In dem gemeinsamen Positionspapier wird die Bundesregierung aufgefordert, die Integrationskurse zehn Jahre nach ihrer Einführung mit einer grundlegenden Reform den veränderten gesellschaftlichen Erfordernissen anzupassen. Reformbedarf sieht das Bündnis insbesondere in drei Bereichen:
- Der Integrationskurs muss geöffnet werden für Asylsuchende und Geduldete.

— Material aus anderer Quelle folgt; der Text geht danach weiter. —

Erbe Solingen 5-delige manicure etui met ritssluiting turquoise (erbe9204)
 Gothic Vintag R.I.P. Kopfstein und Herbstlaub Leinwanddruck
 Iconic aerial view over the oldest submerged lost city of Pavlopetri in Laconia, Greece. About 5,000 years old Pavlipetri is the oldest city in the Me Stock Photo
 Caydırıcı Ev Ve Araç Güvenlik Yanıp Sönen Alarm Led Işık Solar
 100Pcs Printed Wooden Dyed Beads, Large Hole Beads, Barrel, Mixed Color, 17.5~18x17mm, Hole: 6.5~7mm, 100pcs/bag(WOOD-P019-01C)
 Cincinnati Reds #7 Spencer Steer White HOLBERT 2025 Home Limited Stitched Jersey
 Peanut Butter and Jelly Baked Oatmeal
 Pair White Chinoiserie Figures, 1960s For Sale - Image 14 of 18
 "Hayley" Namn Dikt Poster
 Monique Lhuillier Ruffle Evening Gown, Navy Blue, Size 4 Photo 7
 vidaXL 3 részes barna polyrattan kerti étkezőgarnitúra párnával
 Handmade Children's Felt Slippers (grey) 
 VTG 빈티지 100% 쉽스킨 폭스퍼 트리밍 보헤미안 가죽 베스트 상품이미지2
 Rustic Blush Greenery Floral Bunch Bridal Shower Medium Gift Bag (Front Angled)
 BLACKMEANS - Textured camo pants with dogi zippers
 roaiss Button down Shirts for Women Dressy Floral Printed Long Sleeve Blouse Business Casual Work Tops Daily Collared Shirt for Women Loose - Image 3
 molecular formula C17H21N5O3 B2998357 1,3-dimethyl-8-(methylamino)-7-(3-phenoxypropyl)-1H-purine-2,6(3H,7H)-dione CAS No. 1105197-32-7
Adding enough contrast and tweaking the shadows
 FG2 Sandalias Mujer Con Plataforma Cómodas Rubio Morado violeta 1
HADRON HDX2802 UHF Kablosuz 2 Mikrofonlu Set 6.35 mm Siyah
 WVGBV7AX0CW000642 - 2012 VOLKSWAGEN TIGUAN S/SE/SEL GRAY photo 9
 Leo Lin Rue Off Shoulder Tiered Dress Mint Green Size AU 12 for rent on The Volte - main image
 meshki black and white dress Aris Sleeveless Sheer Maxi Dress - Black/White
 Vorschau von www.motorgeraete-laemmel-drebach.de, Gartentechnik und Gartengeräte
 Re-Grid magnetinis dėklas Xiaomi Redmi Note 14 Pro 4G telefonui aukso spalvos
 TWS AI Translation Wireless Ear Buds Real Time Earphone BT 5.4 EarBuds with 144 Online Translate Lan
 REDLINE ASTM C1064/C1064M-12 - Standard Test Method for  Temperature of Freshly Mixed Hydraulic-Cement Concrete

Denn für echte Teilhabe an Gesellschaft und Arbeitsmarkt müssen Einwanderer schnellstmöglich die Landessprache erlernen.
- Die Lehrkräfte müssen leistungsgerecht bezahlt und sozial abgesichert werden, entsprechend den hohen Anforderungen an ihre Qualifikationen und Leistungen.
- Die Träger brauchen mehr Planungssicherheit und müssen bürokratisch entlastet werden, um Zuwanderern einen orts- und zeitnahen Zugang zu einem zuverlässigen und differenzierten Angebot zu ermöglichen.
Für die Reform werden zusätzliche Mittel benötigt, die sich im Vergleich zu ihrem hohen Nutzen für Gesellschaft und Wirtschaft vergleichsweise bescheiden ausmachen.
Nahezu das gesamte Spektrum der Integrationskursträgerlandschaft – auch das ist einmalig – hat sich dem Bündnis angeschlossen hat: die Bundesarbeitsgemeinschaft Arbeit e.V., Arbeit und Leben, die Bundesarbeitsgemeinschaft Evangelische Jugendsozialarbeit, die Katholische Erwachsenenbildung Deutschland, die Bundesarbeitsgemeinschaft der Freien Wohlfahrtspflege, die deutsche Evangelische Arbeitsgemeinschaft für Erwachsenenbildung, das DAZ Netzwerk und der Kooperationsverbund Jugendsozialarbeit.